Anna’s body seemed to melt into the stranger’s. They were as one being. The sensation was erotic and exciting.
And then suddenly, the man was gone. Cool air brushed her lips and wove around her empty arms. Anna’s heart plummeted as disappointment washed through her. No! A white void surrounded her. And she was falling, falling . . .
Anna gasped as she slammed into her body. The return was so fast and unexpected this time that she couldn’t move for several long moments. She struggled to reorient herself. Then she felt it. The hot tongue licking her face. The loud, persistent purring in her ear. The ten pounds of fur perched on her chest.
She groaned and rolled over in her bed, sending the cat tumbling to the pillow next to her. She blinked one eye open to stare at the orange tabby and the bedroom door he’d obviously found his way through.
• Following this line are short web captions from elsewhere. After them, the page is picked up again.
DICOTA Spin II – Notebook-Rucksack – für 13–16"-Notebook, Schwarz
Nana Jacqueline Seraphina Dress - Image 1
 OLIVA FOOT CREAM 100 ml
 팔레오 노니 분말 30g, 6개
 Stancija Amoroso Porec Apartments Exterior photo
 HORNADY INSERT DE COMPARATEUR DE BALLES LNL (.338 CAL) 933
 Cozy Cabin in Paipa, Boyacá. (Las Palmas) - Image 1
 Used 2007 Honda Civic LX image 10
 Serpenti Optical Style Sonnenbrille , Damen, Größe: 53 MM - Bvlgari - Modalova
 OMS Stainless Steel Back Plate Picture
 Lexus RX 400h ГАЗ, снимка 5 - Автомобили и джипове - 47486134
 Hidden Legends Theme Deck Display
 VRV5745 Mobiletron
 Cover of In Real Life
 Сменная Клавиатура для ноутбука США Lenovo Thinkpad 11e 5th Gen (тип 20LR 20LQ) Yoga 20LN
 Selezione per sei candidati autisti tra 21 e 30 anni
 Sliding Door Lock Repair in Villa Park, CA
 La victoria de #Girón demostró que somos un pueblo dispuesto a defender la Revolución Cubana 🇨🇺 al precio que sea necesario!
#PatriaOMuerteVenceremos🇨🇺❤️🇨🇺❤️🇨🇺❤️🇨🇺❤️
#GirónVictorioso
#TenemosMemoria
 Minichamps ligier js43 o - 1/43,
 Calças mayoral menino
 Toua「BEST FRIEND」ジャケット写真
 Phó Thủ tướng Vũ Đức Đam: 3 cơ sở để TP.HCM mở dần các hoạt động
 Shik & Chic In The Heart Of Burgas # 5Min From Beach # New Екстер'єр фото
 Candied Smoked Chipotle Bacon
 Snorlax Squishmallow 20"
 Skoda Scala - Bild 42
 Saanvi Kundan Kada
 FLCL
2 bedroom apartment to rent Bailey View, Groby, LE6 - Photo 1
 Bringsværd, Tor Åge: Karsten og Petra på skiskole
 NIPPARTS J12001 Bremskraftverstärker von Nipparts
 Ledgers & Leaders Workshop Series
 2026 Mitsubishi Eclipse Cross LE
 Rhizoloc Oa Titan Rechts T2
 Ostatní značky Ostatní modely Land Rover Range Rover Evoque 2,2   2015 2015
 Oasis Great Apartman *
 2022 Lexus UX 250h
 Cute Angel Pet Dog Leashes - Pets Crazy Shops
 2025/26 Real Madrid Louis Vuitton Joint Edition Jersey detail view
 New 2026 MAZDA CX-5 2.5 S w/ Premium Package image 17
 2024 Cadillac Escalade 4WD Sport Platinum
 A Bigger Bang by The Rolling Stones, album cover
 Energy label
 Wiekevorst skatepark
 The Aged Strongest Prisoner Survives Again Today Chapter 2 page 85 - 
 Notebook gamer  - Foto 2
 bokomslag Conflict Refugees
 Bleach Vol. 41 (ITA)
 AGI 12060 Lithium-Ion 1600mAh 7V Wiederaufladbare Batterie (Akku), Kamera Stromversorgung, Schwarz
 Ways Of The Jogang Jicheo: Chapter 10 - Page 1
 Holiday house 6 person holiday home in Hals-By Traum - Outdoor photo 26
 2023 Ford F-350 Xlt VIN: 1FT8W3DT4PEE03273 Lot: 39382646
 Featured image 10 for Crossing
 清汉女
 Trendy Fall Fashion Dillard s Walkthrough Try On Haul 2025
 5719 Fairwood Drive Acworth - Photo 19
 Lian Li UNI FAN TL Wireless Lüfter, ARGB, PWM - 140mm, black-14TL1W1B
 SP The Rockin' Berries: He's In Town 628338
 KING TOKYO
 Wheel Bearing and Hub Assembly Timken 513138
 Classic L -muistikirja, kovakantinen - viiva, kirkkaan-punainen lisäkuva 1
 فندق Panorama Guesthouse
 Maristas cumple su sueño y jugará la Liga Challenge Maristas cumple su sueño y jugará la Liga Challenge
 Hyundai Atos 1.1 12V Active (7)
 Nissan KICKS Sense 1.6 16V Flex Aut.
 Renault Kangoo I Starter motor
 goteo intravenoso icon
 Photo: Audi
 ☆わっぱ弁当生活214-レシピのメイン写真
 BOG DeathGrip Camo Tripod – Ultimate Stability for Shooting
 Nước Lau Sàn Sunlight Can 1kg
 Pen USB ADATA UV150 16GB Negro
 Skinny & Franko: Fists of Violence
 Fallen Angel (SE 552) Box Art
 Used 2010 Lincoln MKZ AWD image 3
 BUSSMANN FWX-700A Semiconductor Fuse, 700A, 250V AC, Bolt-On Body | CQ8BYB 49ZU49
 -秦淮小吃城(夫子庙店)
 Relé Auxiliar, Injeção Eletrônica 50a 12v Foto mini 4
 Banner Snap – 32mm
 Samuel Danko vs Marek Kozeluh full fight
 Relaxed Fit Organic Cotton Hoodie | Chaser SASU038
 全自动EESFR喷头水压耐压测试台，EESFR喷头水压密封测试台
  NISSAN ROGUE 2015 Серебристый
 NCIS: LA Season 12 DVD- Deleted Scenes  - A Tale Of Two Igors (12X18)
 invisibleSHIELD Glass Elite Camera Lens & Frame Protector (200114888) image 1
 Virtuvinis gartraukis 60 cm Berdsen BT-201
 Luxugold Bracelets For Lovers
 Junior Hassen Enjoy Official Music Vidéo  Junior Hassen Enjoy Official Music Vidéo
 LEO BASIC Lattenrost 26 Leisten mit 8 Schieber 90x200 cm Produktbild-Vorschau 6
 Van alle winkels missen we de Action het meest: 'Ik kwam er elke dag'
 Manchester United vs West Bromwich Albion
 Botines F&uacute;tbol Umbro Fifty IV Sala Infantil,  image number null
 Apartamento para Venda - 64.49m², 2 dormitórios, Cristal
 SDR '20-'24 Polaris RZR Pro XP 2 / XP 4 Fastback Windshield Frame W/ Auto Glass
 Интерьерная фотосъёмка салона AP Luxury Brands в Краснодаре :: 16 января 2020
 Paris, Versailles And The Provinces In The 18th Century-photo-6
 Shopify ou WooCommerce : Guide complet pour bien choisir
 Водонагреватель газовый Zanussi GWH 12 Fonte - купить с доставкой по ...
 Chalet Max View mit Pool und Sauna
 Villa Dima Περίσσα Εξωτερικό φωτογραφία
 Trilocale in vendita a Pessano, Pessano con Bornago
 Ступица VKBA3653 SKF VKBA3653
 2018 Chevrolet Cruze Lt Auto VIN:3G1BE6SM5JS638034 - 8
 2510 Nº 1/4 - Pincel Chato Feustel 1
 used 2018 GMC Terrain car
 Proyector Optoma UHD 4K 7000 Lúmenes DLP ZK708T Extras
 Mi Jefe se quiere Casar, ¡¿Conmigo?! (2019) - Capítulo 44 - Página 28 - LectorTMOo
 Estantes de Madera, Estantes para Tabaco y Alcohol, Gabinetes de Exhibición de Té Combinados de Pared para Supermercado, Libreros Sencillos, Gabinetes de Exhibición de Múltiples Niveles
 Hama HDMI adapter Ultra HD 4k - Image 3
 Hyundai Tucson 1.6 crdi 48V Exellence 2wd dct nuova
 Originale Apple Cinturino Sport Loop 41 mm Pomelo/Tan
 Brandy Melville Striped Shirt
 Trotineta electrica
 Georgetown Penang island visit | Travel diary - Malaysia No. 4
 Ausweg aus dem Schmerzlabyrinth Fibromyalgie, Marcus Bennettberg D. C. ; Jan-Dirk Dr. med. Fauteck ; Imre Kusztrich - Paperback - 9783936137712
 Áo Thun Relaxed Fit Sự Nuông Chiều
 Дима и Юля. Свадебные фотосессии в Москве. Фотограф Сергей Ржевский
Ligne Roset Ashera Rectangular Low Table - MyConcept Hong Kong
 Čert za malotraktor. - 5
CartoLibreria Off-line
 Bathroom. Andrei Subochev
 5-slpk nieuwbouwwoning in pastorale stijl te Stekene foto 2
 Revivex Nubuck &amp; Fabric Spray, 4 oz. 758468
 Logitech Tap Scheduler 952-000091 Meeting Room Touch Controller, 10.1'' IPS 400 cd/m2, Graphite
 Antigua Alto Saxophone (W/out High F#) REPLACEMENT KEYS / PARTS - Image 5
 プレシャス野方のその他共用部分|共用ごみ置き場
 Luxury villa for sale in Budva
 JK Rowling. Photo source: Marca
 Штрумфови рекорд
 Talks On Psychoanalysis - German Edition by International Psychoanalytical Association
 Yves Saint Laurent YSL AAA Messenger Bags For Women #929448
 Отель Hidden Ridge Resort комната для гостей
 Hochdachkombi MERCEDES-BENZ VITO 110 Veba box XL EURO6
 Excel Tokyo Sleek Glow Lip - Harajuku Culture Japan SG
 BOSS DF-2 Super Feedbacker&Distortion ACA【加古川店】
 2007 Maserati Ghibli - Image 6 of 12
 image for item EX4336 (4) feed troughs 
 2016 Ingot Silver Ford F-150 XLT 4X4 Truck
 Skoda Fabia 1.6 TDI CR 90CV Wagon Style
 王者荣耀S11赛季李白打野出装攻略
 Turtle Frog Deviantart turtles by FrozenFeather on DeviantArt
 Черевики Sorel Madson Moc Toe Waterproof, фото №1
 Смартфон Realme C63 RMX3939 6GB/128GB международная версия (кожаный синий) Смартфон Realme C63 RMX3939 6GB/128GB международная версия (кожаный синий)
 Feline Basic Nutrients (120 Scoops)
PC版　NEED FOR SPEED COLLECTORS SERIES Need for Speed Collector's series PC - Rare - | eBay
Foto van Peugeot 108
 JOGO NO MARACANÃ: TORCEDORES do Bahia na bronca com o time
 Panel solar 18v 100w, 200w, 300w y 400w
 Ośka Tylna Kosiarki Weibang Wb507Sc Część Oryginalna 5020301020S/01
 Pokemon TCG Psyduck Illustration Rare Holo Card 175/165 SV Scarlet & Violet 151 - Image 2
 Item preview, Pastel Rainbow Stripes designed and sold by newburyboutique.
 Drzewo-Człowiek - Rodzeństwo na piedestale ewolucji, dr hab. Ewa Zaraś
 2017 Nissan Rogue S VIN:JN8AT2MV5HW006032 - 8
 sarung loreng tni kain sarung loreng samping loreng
“Emerson, how do you do it? You don’t even have opposable thumbs.”
The cat scooted closer to her and licked her cheek. “Meow,” came his reply.
She scratched him behind his ears, eliciting more purrs, and sighed. She’d started locking Emerson out of the bedroom at night because he had a habit of affectionately attacking her in her sleep and disrupting her nocturnal travels. Tonight was one night Anna really wished Emerson wasn’t such a clever little feline.
Anna immediately fell back into a deep, dreamless sleep. Sometime in the middle of the night, she awoke for no reason and could not fall back asleep.
After glaring at Emerson who was snoring beside her, oblivious to her insomnia, she rose and went to the bathroom to dig out some melatonin from the medicine cabinet.
A half-hour later, still wide awake, she decided a hot shower might help her plight. She took her time with her shower, enjoying the sting of the hot water and the delicious aroma of her goji berry and chocolate scented body wash.
Anna stepped from the shower into a thoroughly steamed up bathroom and wrapped herself in a fluffy towel. After opening the door to let out some of the steam, she turned to the sink to find her comb.
Her eyes went wide and her breath caught. The comb hit the tile floor with a clickety-clack. Tears spiked and trickled over her cheeks. There, on the mirror, written as though a ghostly finger had reached out from beyond the grave to scribble the words on the steamed-up glass, was a message.
I am sending you love. Love is in the air. R
The next day was Saturday. Anna had not slept more than an hour after finding Richard’s message. They’d joked once that whoever of them died first would find a way to get a message to the other and let them know they were okay. But it had been two years since Richard’s death, and as much as she’d wanted to feel him near, to know he was alive and well somewhere beyond the veil, she hadn’t had the slightest paranormal experience to breathe life into that hope.
Why? Why now? Was he concerned that it had been so long since his death and she’d yet to start dating again? Possibly. Maybe he wanted her to know he was all right so that she’d have an easier time letting him go.
Was it a coincidence that his message came the very same night she’d met the handsome stranger in the astral realm? Anna frowned. What if Richard’s motivation was just the opposite? What if he was angry she was moving on, even in this small way? She immediately pushed that thought away. No, that didn’t sound like Richard. Richard had always been more concerned about Anna’s well-being than his own.
And what exactly had happened tonight? Who was the stranger? Why was she so drawn to him? She couldn’t stop thinking about him, about his mesmerizing eyes, his titillating touch.